**Records for processing**

■ ■ ■ ■

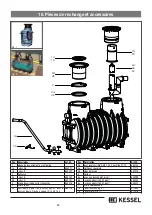 Предварительный просмотр 69 страницы Kessel 99403.10B Installation And Operating Instructions Manual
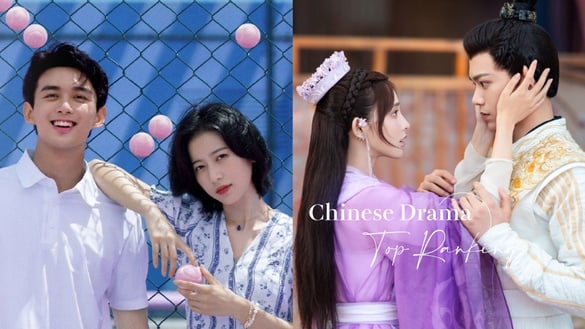 近期陸劇熱度榜TOP10!《春閨夢裡人》第4《歸路》第2，吳磊《愛情而已》空降登頂太驚人
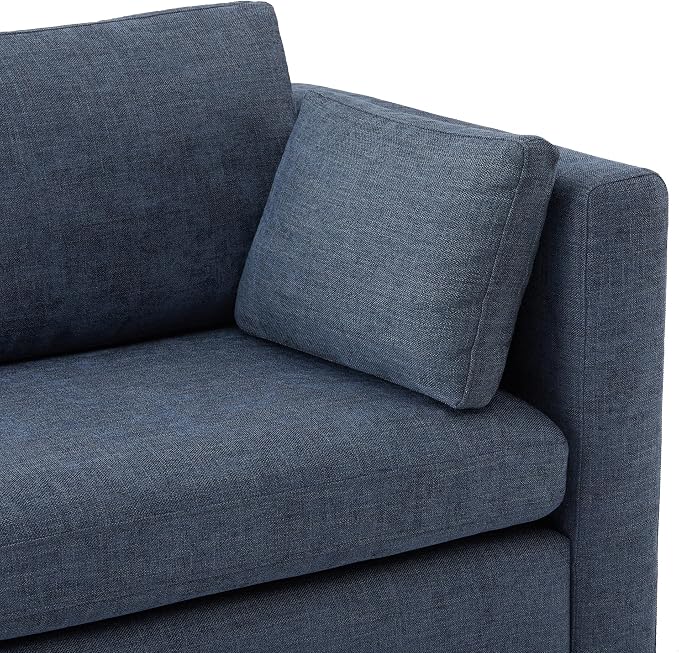 CHITA Oversized Modular Sectional Sofa, FSC Certified Large L Shaped Couch - Image 6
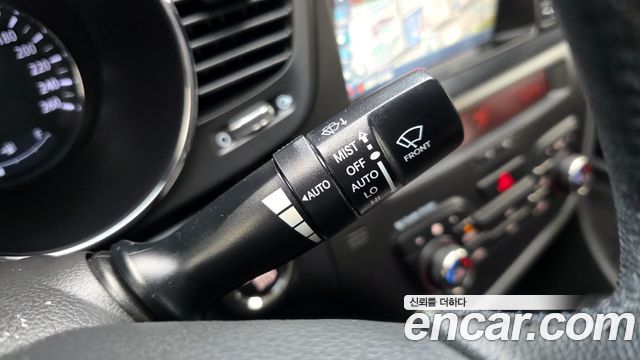 Kia K5 2.4 GDI Prestige 2011 — фото 20
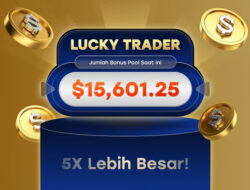 Trading Dapat Reward Mingguan? Ikutan Lucky Trader HSB Investasi!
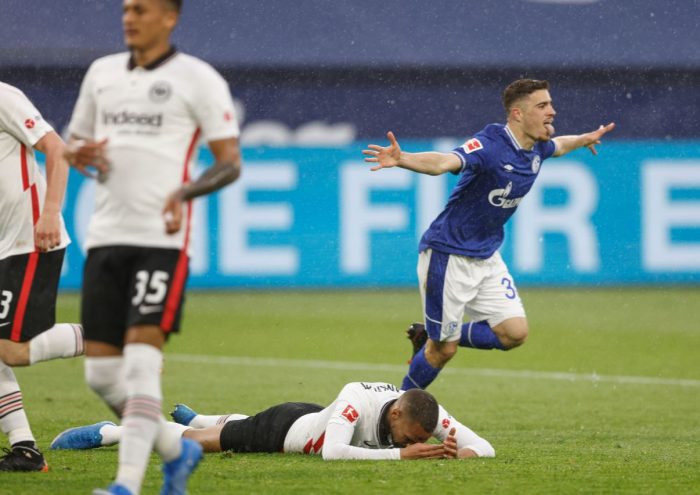 σάλκε άιντραχτ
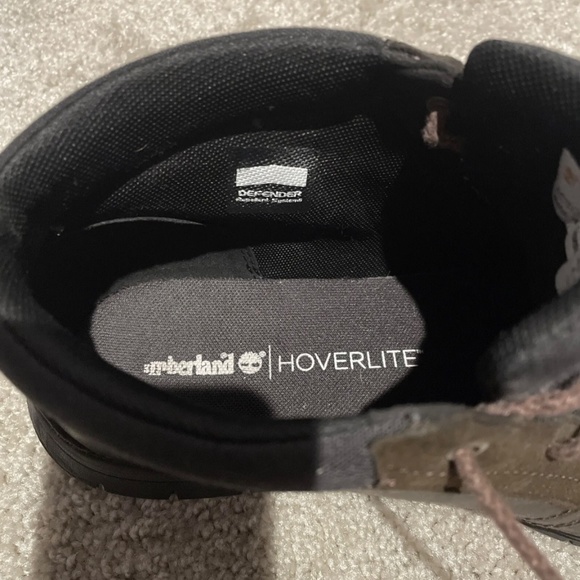 Men’s Timberland Hoverlite Shoes Size 11 Brown - Picture 5 of 9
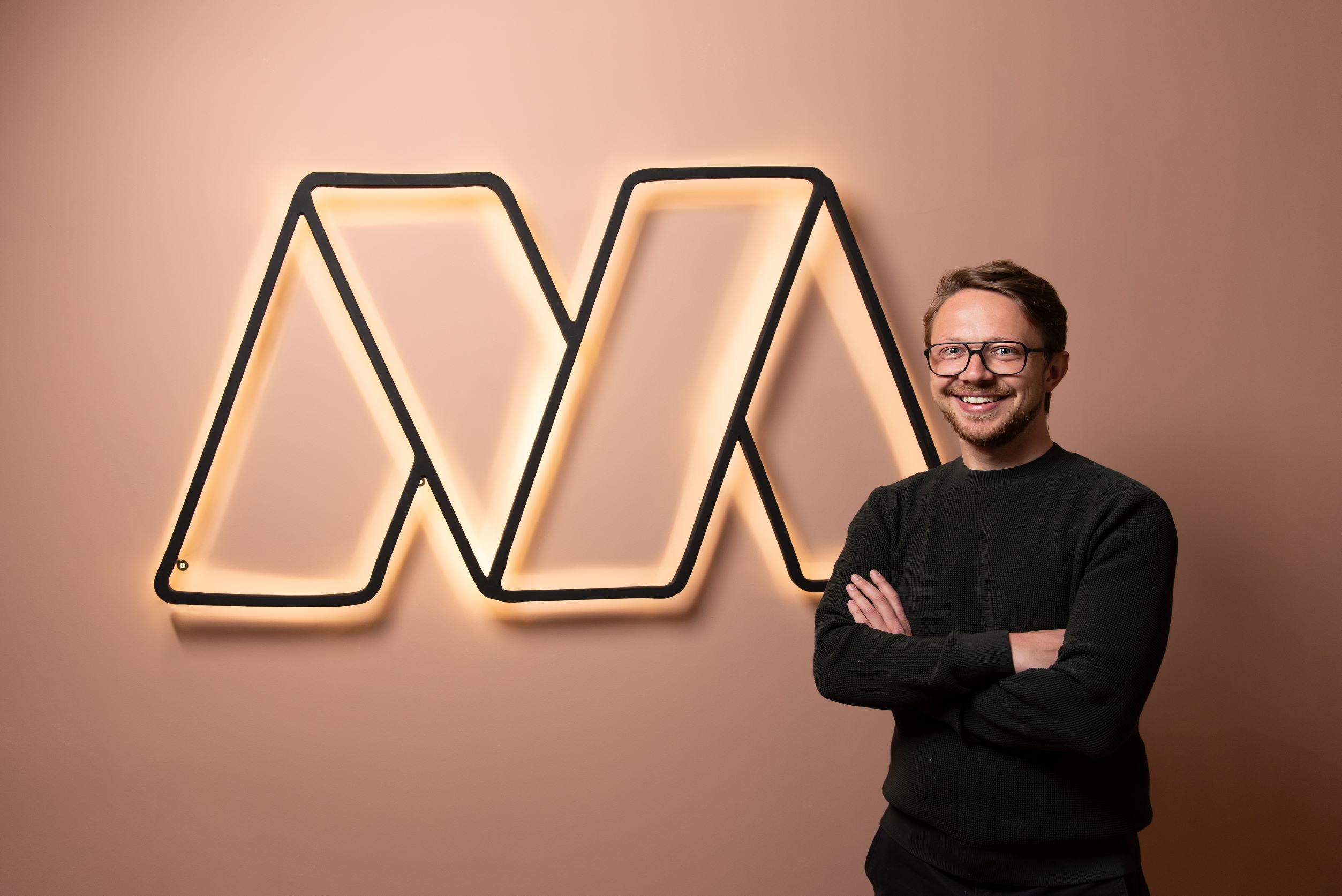 Portrait of 
              Nick
              Pfisterer
              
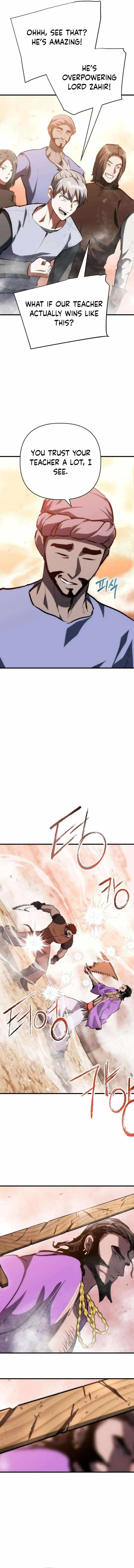 Bill The Blacksmith Chapter 26 page 19 - 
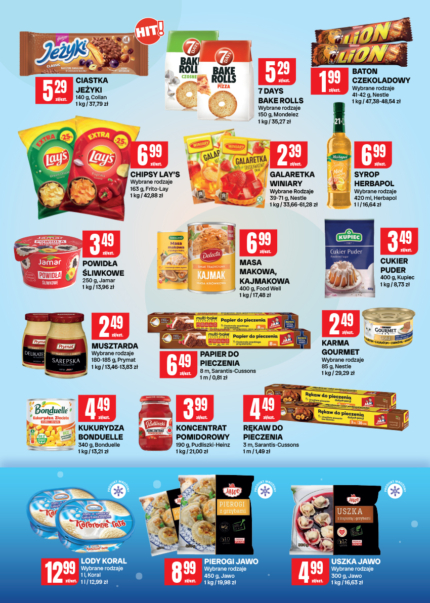 Gazetka | 18.12.2025 &ndash; 28.12.2025 | Strona 3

■ ■ ■ ■

Only the lines from the one containing "Men’s Timberland Hoverlite" through the last line of the material are to be restated word for word; no picture is to be included.

**Worked solution**
 Men’s Timberland Hoverlite Shoes Size 11 Brown - Picture 5 of 9
 Portrait of 
              Nick
              Pfisterer
              
 Bill The Blacksmith Chapter 26 page 19 - 
 Gazetka | 18.12.2025 &ndash; 28.12.2025 | Strona 3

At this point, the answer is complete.